You won't find professional sports gambler, and current "Jeopardy!" champ, James Holzhauer sitting behind a desk at an office. The 34-year-old is more comfortable making bets in Vegas and cleaning up on the set of the popular game show than he is making small talk at the water cooler.
"I honestly don't think I can hack it in the 9-to-5 world, though I've never actually tried," Holzhauer tells CNBC Make It. "I really like not having to justify my decisions to anyone else, as well as the freedom to vacation whenever I want."
Holzhauer has racked up $1,225,987 over 16 games as of Thursday.
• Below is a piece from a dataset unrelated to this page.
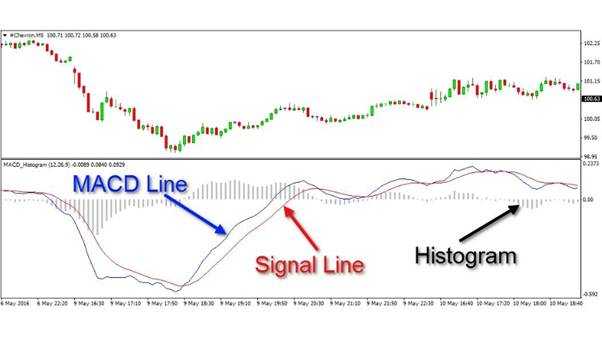What is MACD? Key Forex Indicator to Master Trading Timing!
He's now second only to "Jeopardy!" legend Ken Jennings in terms of overall winnings, and he continues to smash single-game records.
Part of his success, experts say, is his comfort with taking risks, which helps him in his day job as a gambler. "The real advantage I draw from my job is that I don't have a mental block about betting $38,314 on one trivia question," he has said. "It's only money."
That said, "I wouldn't recommend sports betting as a career," he tells CNBC Make It. "It requires a ton of effort and mastery of many different skills, and successful bettors are unwilling to teach you because you would be their competition."
Luckily, Holzhauer says you don't need to gamble for a living to be the next "Jeopardy!" champ. Instead, he recommends picking up children's books to learn the basics of a variety of topics.
"I've found that in an adult reference book, if it's not a subject I'm interested in, I just can't get into it," he told The New York Times. "I was thinking, 'What is the place in the library I can go to to get books tailored to make things interesting for uninterested readers'? Boom. The children's section."
Holzhauer says he does follow some traditional financial advice: He prioritizes saving for retirement, even if his job doesn't offer a 401(k).
"My edge in gambling could disappear at any time," he says. "I have no special knowledge of markets, so I invest solely in low-expense index funds, plus some cryptocurrencies."
Experts, including Warren Buffett, also recommend investing in low-cost index funds or ETFs, though they tend to say savers should be wary of cryptocurrencies, which are more unstable than traditional investments.
When he's done on the show, Holzhauer doesn't have especially grand plans for his winnings. He says he wants to travel for a bit and treat a few family members.
"I'd like to finally send my old man and his missus to the U.S. Open this summer," he says. "Their ticket requests get closer to center court with every episode I win."